- **Exercise aim**: Once you reach the line with "Fototapeta premium church in the mountains" below, copy each line exactly, stopping after the line with "BISOU BISOU Faux Fur Sweater Size L", and skip any pictures.
(Recorded data)
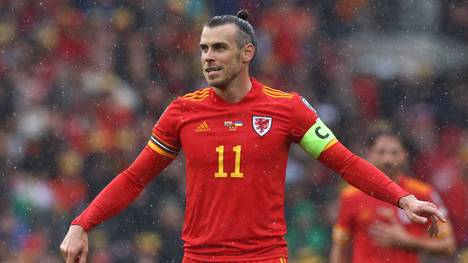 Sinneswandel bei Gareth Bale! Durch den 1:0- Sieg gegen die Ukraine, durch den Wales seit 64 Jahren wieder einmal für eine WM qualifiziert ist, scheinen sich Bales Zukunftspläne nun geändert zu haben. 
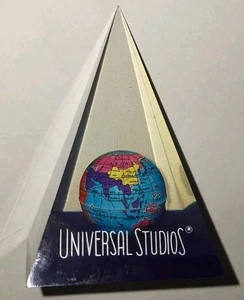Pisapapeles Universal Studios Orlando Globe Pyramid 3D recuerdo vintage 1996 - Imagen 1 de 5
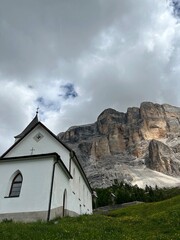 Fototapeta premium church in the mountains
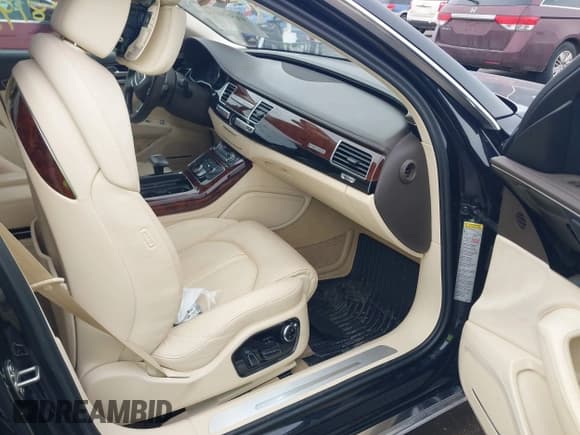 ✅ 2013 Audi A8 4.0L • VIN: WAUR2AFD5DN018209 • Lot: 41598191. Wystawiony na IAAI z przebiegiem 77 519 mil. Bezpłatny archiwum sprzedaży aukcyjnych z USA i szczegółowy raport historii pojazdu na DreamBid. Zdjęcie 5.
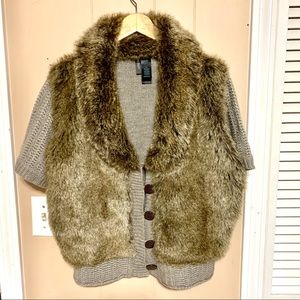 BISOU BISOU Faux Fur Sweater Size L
(End Recorded data)
(Recorded data)
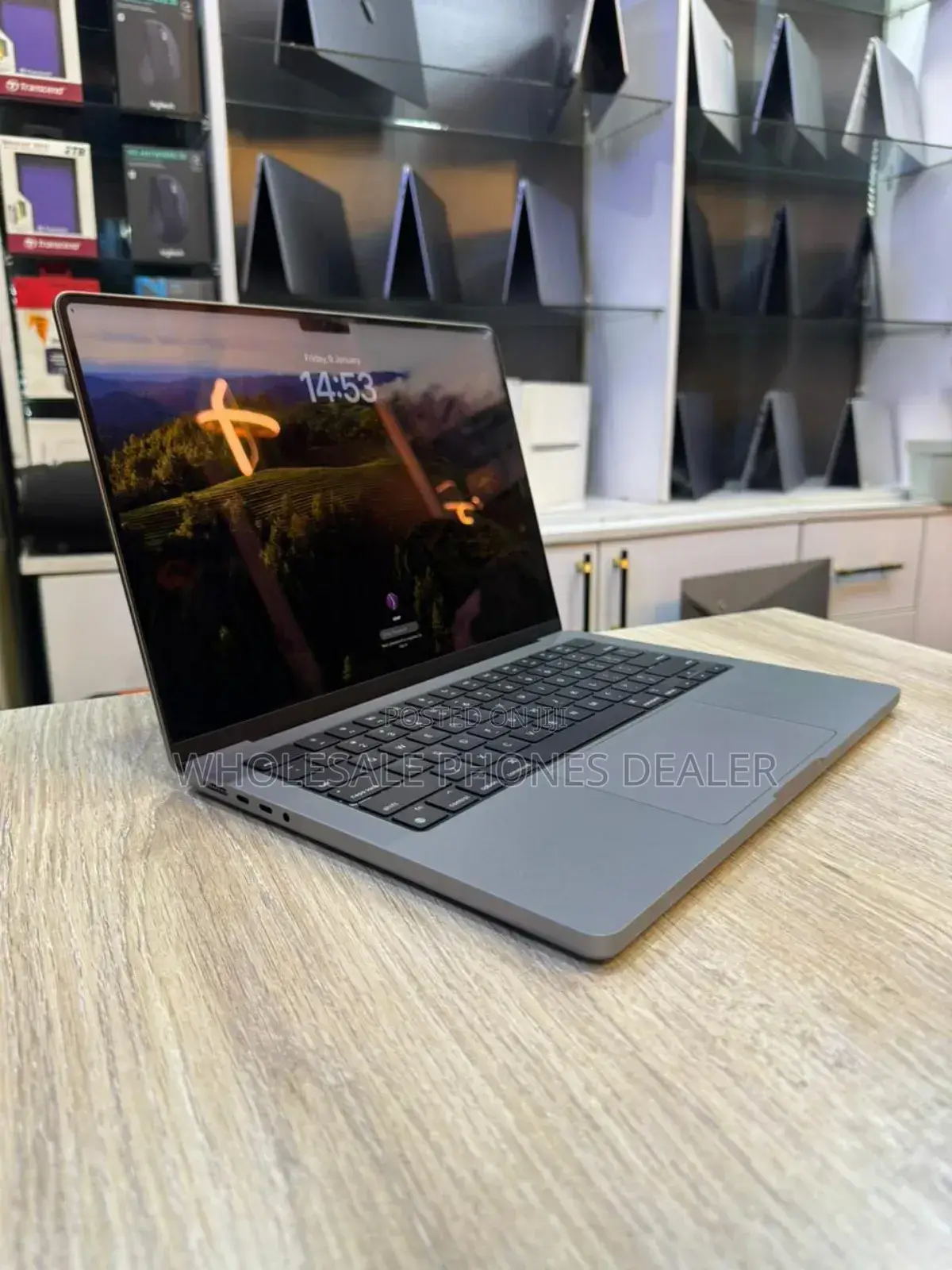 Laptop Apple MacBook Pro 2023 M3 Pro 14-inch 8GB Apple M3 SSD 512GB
(End Recorded data)
- **Task output**:
 Fototapeta premium church in the mountains
 ✅ 2013 Audi A8 4.0L • VIN: WAUR2AFD5DN018209 • Lot: 41598191. Wystawiony na IAAI z przebiegiem 77 519 mil. Bezpłatny archiwum sprzedaży aukcyjnych z USA i szczegółowy raport historii pojazdu na DreamBid. Zdjęcie 5.
 BISOU BISOU Faux Fur Sweater Size L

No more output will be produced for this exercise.